■ **What is required**
Can you quote, word for word, every line from the first line of the records below through the line containing "cable eléctrico trenzado color algodón", and nothing else?

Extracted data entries

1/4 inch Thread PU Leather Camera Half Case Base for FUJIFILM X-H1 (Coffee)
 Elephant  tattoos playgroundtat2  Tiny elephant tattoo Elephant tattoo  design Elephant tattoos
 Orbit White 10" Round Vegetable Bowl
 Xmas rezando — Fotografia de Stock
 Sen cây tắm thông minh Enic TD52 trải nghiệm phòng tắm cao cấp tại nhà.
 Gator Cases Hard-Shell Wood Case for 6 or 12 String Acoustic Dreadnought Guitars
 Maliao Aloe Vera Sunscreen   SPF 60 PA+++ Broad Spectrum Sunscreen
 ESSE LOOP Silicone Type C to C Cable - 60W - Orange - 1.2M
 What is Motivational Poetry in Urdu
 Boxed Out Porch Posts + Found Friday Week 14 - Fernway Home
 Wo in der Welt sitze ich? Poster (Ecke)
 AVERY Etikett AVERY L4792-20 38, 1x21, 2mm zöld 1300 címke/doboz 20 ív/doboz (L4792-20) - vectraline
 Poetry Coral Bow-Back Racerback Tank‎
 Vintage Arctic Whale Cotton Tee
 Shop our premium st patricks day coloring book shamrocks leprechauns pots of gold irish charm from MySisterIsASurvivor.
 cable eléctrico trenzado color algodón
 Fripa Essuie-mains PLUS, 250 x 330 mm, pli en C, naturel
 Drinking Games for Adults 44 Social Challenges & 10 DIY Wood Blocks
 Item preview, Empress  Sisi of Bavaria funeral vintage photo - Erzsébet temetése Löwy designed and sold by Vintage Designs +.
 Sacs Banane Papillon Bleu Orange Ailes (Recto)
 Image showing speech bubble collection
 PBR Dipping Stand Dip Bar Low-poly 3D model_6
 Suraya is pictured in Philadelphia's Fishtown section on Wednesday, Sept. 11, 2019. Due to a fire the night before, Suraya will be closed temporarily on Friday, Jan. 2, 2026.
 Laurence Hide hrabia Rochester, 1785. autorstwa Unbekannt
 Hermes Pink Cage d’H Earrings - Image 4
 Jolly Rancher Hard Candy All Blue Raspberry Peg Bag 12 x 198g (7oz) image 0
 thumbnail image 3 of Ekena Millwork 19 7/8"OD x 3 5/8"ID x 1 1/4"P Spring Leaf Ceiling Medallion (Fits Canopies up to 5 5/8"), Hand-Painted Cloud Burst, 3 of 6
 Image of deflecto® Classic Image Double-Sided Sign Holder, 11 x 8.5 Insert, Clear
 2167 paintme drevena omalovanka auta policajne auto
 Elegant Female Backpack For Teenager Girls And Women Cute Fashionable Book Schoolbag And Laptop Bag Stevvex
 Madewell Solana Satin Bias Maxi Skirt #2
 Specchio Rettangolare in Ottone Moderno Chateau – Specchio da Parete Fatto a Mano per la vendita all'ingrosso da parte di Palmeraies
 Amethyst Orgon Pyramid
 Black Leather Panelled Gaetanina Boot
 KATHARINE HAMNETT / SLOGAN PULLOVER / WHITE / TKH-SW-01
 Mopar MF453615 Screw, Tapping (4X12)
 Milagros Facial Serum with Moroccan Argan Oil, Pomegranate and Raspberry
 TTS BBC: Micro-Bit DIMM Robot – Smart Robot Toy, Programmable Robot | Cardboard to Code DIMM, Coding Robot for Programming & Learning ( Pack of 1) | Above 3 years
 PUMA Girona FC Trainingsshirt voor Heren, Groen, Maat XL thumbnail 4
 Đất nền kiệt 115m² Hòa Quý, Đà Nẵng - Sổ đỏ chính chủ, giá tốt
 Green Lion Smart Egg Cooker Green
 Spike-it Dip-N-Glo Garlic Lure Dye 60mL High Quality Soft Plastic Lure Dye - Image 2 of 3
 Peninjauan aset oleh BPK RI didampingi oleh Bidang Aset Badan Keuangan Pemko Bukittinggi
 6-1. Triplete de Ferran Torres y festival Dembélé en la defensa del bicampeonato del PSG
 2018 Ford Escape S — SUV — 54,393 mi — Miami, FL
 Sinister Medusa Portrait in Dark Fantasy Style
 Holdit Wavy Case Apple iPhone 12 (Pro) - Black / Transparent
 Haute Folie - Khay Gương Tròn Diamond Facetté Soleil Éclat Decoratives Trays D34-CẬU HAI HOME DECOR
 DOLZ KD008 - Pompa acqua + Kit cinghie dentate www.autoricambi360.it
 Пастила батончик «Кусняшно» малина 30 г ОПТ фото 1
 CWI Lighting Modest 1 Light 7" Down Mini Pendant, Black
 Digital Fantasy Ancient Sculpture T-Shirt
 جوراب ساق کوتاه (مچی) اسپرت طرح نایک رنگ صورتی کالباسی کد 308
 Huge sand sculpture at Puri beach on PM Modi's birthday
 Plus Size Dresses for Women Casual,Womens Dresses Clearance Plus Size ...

■ **Output for this task**
1/4 inch Thread PU Leather Camera Half Case Base for FUJIFILM X-H1 (Coffee)
 Elephant  tattoos playgroundtat2  Tiny elephant tattoo Elephant tattoo  design Elephant tattoos
 Orbit White 10" Round Vegetable Bowl
 Xmas rezando — Fotografia de Stock
 Sen cây tắm thông minh Enic TD52 trải nghiệm phòng tắm cao cấp tại nhà.
 Gator Cases Hard-Shell Wood Case for 6 or 12 String Acoustic Dreadnought Guitars
 Maliao Aloe Vera Sunscreen   SPF 60 PA+++ Broad Spectrum Sunscreen
 ESSE LOOP Silicone Type C to C Cable - 60W - Orange - 1.2M
 What is Motivational Poetry in Urdu
 Boxed Out Porch Posts + Found Friday Week 14 - Fernway Home
 Wo in der Welt sitze ich? Poster (Ecke)
 AVERY Etikett AVERY L4792-20 38, 1x21, 2mm zöld 1300 címke/doboz 20 ív/doboz (L4792-20) - vectraline
 Poetry Coral Bow-Back Racerback Tank‎
 Vintage Arctic Whale Cotton Tee
 Shop our premium st patricks day coloring book shamrocks leprechauns pots of gold irish charm from MySisterIsASurvivor.
 cable eléctrico trenzado color algodón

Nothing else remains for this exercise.